Hmmm. This... is fair. Afterall, how can I complain about being rejected of redemption of this sort if I similarly deny them theirs?

Blythe

Quote from: Dallas on March 25, 2019, 05:00:53 PM
Hmmm. This... is fair. Afterall, how can I complain about being rejected of redemption of this sort if I similarly deny them theirs?

Well, you can always complain. Free country and all.  ;D (And what you're describing is frustrating. I'd hardly deny you the right to be unhappy.)

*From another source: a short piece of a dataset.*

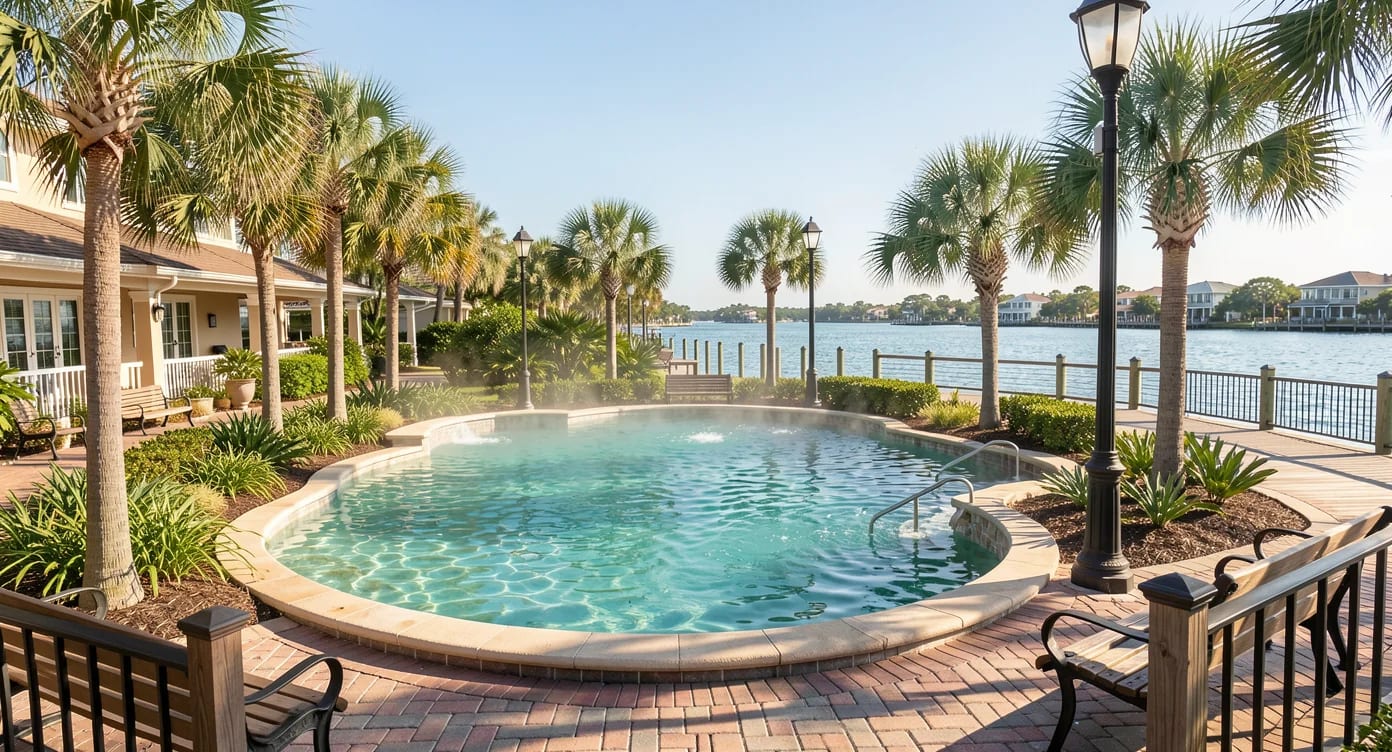 Warm Mineral Springs Park inception-app-prod/MDIyNjVmMDUtNDFmOS00MTczLWIwNzEtMTYzYjU0YmYxZjY2/content/2026/03/3d22ffd8a5cbf28eca6ce289fa65752ac93f3040.webp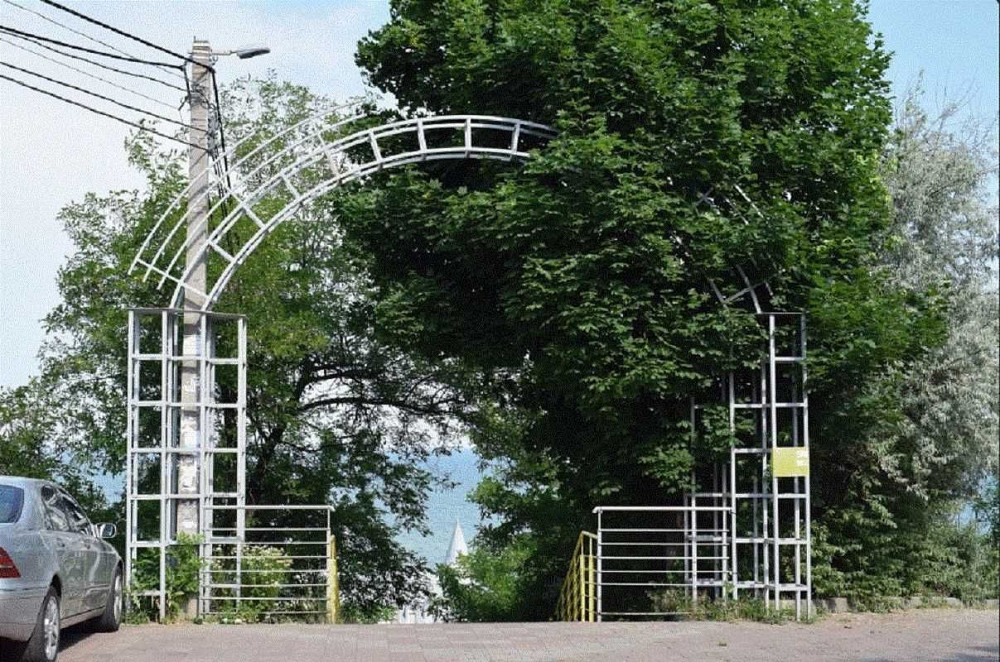 Сдам квартиру на  9 станции Фонтана Одеса - зображення 3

Generally my own personal approach is to give people a few shots to dial it back & give them some time to change. I usually give 'em at least a couple of chances providing whatever issue I'm having with them isn't severe; people are not perfect. The younger someone is, the more forgiving I usually am, because with youth comes mistakes and a need to grow and evolve past poor behavior. You don't need to give 'em a bunch of chances--part of confidence is going to be knowing where you draw a line with people behaving poorly and when you want to enforce that line, but I've had some good results starting soft and being forgiving first & then moving to being more firm/harsh if it becomes clear a person's change is of the 'fair-weather' variety. A person can always move towards harsher 'leave me alone' stances later, but it's a lot harder to move to a softer stance if you start off harsh. De-escalation is always harder than escalation.

Twisted Crow

Also fair and reasonable. In terms of complaint, I suppose I could but should perhaps say that I don't typically like complaining when I desire to emulate those that do lead. That know how to lead.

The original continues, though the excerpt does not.